→ **Problem statement**: Please give, exactly as they appear below, the line with "Amelanchier interior image" and every line after it through the final one, and nothing else.

(Given records begins)

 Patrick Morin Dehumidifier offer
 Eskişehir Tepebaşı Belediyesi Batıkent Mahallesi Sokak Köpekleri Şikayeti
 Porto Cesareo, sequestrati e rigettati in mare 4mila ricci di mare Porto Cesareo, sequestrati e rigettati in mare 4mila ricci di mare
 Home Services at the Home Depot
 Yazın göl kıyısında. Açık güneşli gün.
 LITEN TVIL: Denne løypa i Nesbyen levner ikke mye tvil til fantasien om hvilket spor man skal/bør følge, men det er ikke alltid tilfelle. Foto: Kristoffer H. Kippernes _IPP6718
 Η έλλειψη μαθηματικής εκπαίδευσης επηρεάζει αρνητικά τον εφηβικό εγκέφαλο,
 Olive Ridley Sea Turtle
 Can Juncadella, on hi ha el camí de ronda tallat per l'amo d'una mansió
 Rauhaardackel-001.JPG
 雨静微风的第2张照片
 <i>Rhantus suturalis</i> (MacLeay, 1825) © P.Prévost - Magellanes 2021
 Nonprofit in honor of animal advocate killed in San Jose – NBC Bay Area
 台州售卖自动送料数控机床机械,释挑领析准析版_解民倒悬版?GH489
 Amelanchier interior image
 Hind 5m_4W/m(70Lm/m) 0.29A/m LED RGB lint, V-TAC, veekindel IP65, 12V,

(Given records ends)

→ **Answer to the exercise**:
 Amelanchier interior image
 Hind 5m_4W/m(70Lm/m) 0.29A/m LED RGB lint, V-TAC, veekindel IP65, 12V,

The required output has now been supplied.